The lines to return run from the one containing "Yato Kleště odizolovací 160 mm" through the end of the material; give them exactly and leave out the pictures.

* The records
==========

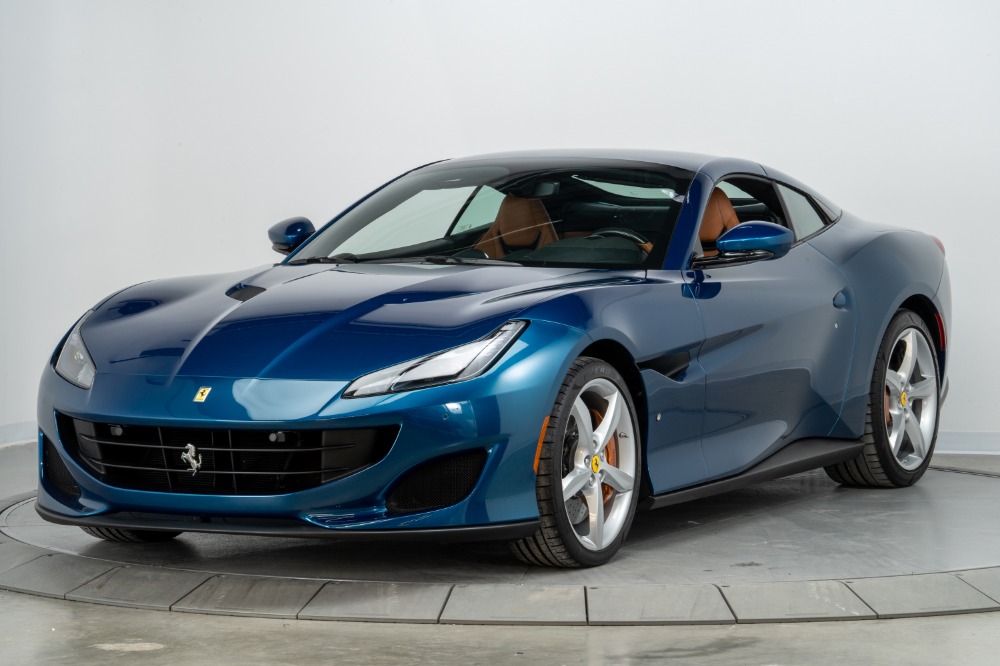 Used 2019 Ferrari Portofino Used 2019 Ferrari Portofino for sale $234,900 at Cauley Ferrari in West Bloomfield MI 18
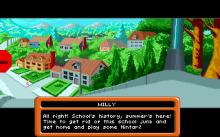 Adventures of Willy Beamish screenshot #16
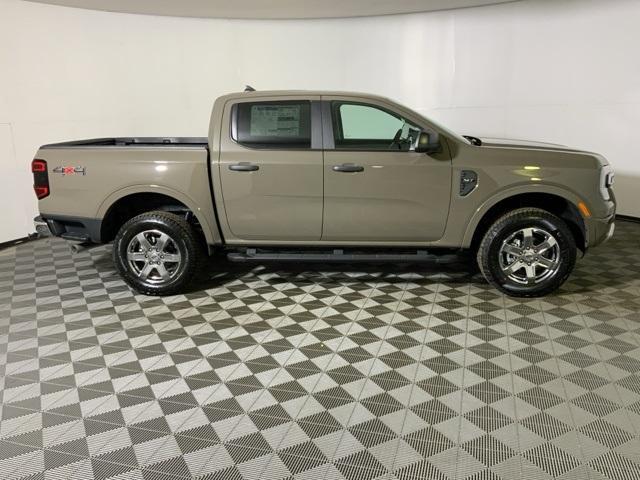 new 2025 Ford Ranger car, priced at $41,819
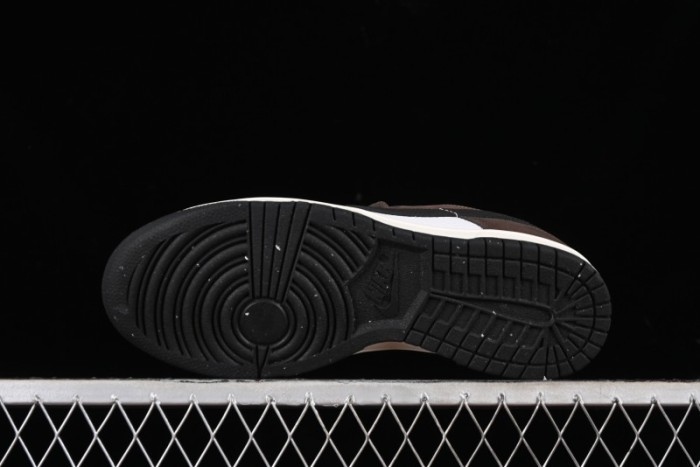 Nike Dunk Low Next Nature  Cacao Wow  SB Casual Skate Shoes - HF4292-200 1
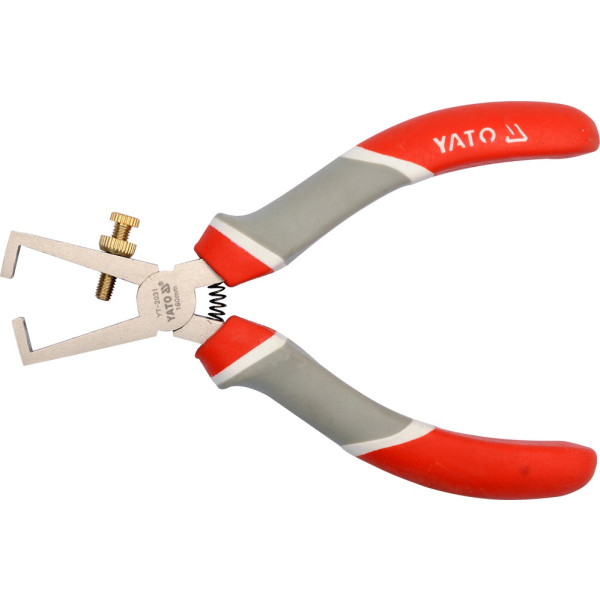 Yato Kleště odizolovací 160 mm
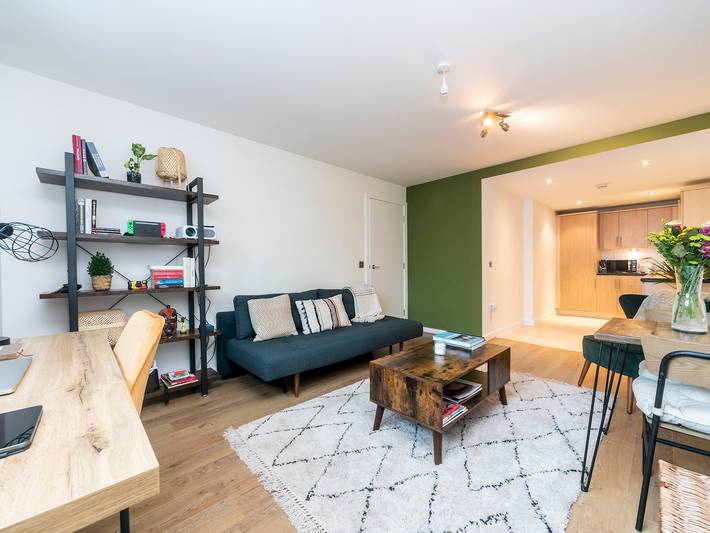 Apartment for 4 people in Wandsworth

==========

* Written solution
 Yato Kleště odizolovací 160 mm
 Apartment for 4 people in Wandsworth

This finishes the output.